It's shaping up to be a make-or-break year for shares of Amazon.com (AMZN Quote).
Ever since Amazon turned profitable in 2002, critics have hammered CEO Jeff Bezos for being a spendthrift on things such as free shipping and new technology that a retailer has no business getting involved with.
They point to the slim and ever-deteriorating operating margins to make their case.
Sure enough, Amazon's margins haven't looked very good for the past couple of years.
After peaking at 6.4% in 2004, Amazon's operating margins slipped to 5.1% in 2005 and even further, to 3.6%, last year (see chart below).
That was Amazon's lowest operating margin since 2002, when operating profit was 1.6% of revenue.

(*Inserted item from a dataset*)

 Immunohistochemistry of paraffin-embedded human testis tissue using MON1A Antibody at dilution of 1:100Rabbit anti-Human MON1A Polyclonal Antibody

Making matters worse, Amazon's gross margin slipped to 22.9% in 2006 -- its lowest mark in six years -- as lower-margin goods such as electronics made up a larger portion of its overall revenue.
Even using the cash-flow figures that Amazon tends to prefer as a measure of fiscal health, 2006 was a weak year. Free cash flow dropped 8% to $486 million. Operating cash flow, after rising for the previous three years, fell 4% to $722 million.
So the bears' case against Amazon could be summed up rather bluntly: its business plan is weakening the company.
The bull's case can be put just as succinctly: You ain't seen nothing yet, folks.
Or, in the
recent words of Bill Miller, manager of the Legg Mason Value Trust fund and the perennial Amazon bull whose 15-year winning streak against the S&P 500 was halted in part by Amazon's sluggish stock: "100% of the information you have about a company represents the past, and 100% of the value depends on the future."
That is, Amazon's historical financial performance may look bad, but the company should be turning a corner any quarter now. Investment in new areas and greater economies of scale should start to kick in and drive up profit and revenue alike.